2. SBA 8(a) Business Development Program

Designed for small, disadvantaged businesses, this program provides assistance to companies that are at least 51 percent owned and operated by an individual from a qualifying social or economically disadvantaged community. Annually, the federal government aims to award 5 percent of all government contracts to small, disadvantaged businesses, and this program helps foster qualified applicants. To qualify, businesses must be 8(a) certified and details are available at the website. Once approved, the designation is good for nine years. Qualified applicants can access business counseling and technical support, as well as bid on government contracts as a sole-source or joint-venture.

3. SBA 504/ Certified Development Company (CDC)

This program is designed for businesses looking to expand or upgrade their operations. These loans can be used to purchase real estate for a business, land and buildings, buying equipment and machinery and renovations. The minimum amount is $200,000 and there is no defined maximum. Loans are provided by local Certified Development Companies (CDCs), government-approved nonprofit lenders. Typically, the SBA provides 40 percent of funds, the CDC contributes 50 percent and business owners chip in 10 percent. To qualify, businesses must be U.S.-based and have been in operation for at least two years. Interest rates are pegged to market rate for five-year and 10-year U.S. Treasuries, and loans are available for 10- and 20-year terms. Business owners may have to personally guarantee 20 percent or more of the loan amount and the project assets can be collateral. One restriction is that 504/CDC loans can’t be used for working capital or inventory, consolidating or repaying debt, or refinancing, except if it is related to expansion through real estate purchase or renovation.

Learn more about the SBA 504 loan program here.

4. 504/CDC Rural Pilot Initiative Pilot Program

This newly-created program is intended to grow the use of 504/CDC loans in rural communities. Under the terms, existing Certified Development Companies (CDCs) can provide funding to qualifying businesses in a rural location or in their region. While rural business owners can already apply for 504/CDC loans, the new pilot program is designed to increase the pool of lenders, which, in turn, may increase the number of business owners accessing financing. In addition to being located in a rural community, applicants need to satisfy similar requirements to the general 504/CDC loan program. By targeting lending in rural communities, the SBA said it hopes the program will result in both increased lending and economic growth in rural communities.

5. SBA Microloan Program

For startups and small businesses that need a small infusion of cash, the SBA’s Microloan program could be the answer. The maximum amount available is $50,000 and the average loan is $13,000. Businesses apply for these loans with approved local lenders and all decisions are made at the local level. The maximum term is six years.

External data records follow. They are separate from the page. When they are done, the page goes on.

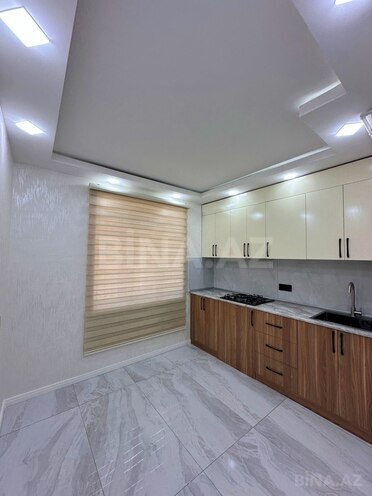 Продаётся 2-комн. вторичка 65 м², м. Ази Асланов, photo 1 from 16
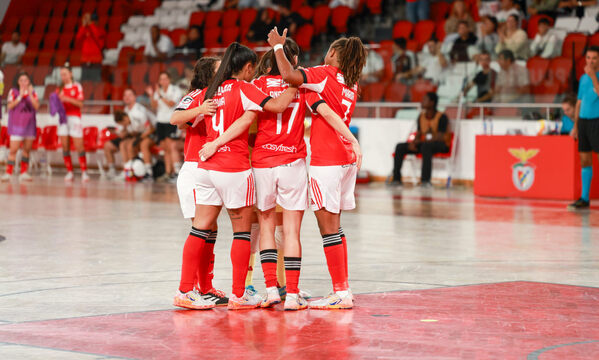 A equipa do Benfica festeja um golo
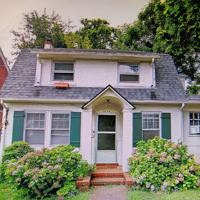 featured image of 1414 Gordon Ave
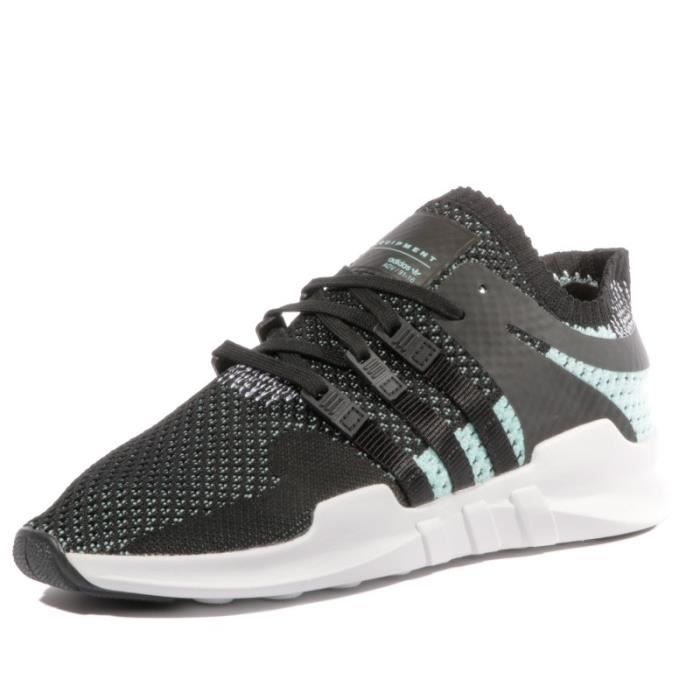 chaussure n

6. Business and Industrial (B&I) Guaranteed Loan Program

Another program aimed at nurturing rural development, the Business and Industrial (B&I) Guaranteed Loan program offers financing for businesses in rural communities, defined as any other than a city or town with a population of greater than 50,000 inhabitants or the urban core of that community. Managed by the Department of Agriculture, this program provides loans typically up to $10 million with a maximum 30-year term. The government guarantees the loan and a lending institution provides funding. As such, interest rates are based on the lender and can be fixed or variable. To secure the loan, borrowers are required to pay an upfront 3% guarantee fee and a 1% annual renewal fee. Qualifying businesses must be majority owned by a U.S. citizen, provide employment and improve economic or environmental conditions.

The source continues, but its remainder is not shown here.